Gibbard recalled laboring over the song and follow-up single "Crooked Teeth": "We spent all this time trying to get "Soul Meets Body" and "Crooked Teeth" just right to make sure we were putting our best foot forward," he said.

==Music video==
The song's music video was directed by Jon Watts. In the clip, frontman Gibbard waltzes across a magical woodland as foliage transforms into music notes. Gibbard picked Watts, a relative outsider, to helm the clip as he appreciated that his treatment was not simply a literal reading of the song's prose: "It's hard to pick videos, because when I write lyrics I try to make them as descriptive as possible, and I find it hard to find a treatment that's not just mimicking what's happening in the song [...] Plus this one was a little weird," he said. It was filmed on August 3, 2005 at a ranch-style house located in Topanga Canyon in Los Angeles. Writers for Entertainment Weekly described the clip as "odd and lovely." The band later issued a second video for the song directed by Cat Solen as part of its Directions: The Plans Video Album (2006).
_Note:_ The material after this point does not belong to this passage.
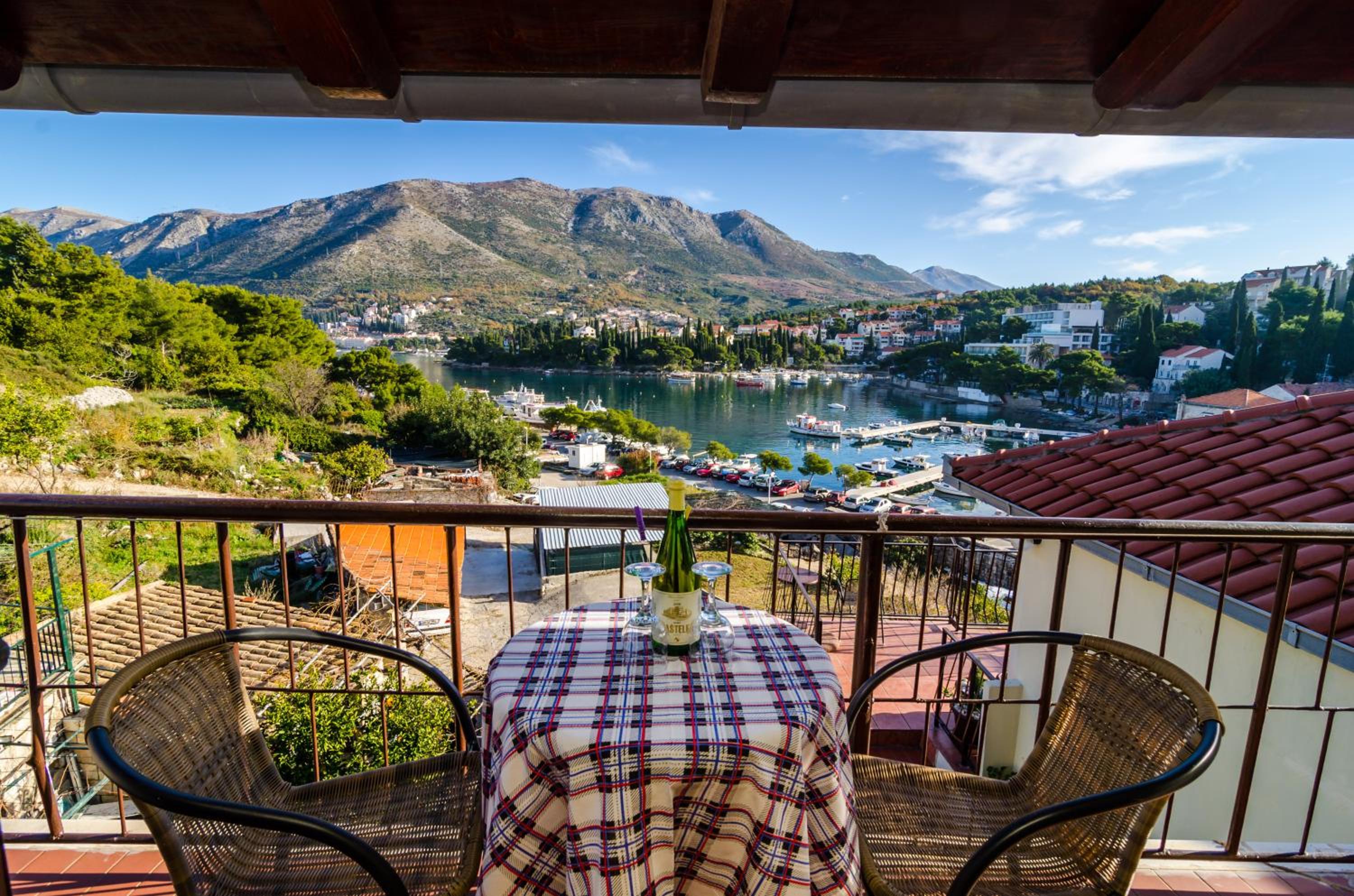 Apartments & Rooms Mihajica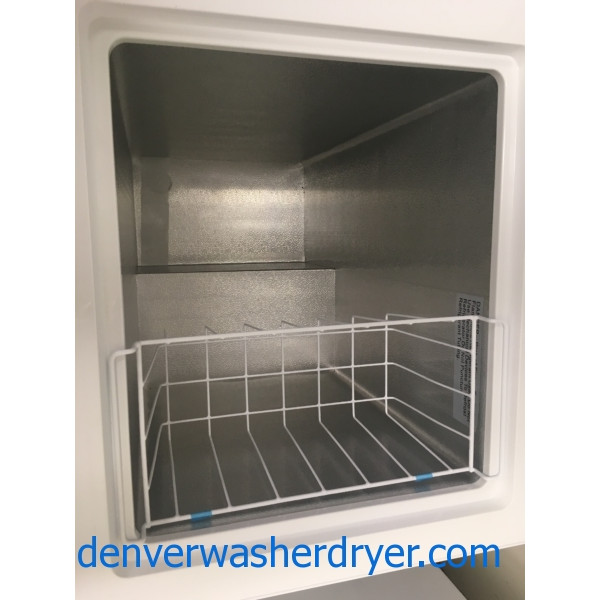 BRANDNEW Insignia Chest (3.5 Cu. Ft.) Freezer, 1Year Warranty 4197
==Release and chart performance==
"Soul Meets Body" was the lead single from Plans, though the band debated over which single to lead with, between it and second single "Crooked Teeth". In the end, the group chose the former because of its "slower build and [lack of] a traditional radio-friendly chorus," so as to not overachieve. The song was leaked online prior to its official release, which prompted Walla to respond, "I love it. The more anarchy we can give to the record industry, the better." The song debuted on July 16, 2005, available to stream at the band's MySpace page until July 22. It was a popular song on the site, garnering 400,000 streams within two months. From there, it was available for listening on the band's official site, with the label delivering it to radio on September 13. "Soul Meets Body" became one of the band's biggest singles on radio, with its popularity boosting sales of its parent album significantly. Colin Stutz at the Hollywood Reporter called it a "massive radio hit." It became the group's first song to chart on the all-genre Hot 100, where it peaked at number 60 and spent eighteen weeks.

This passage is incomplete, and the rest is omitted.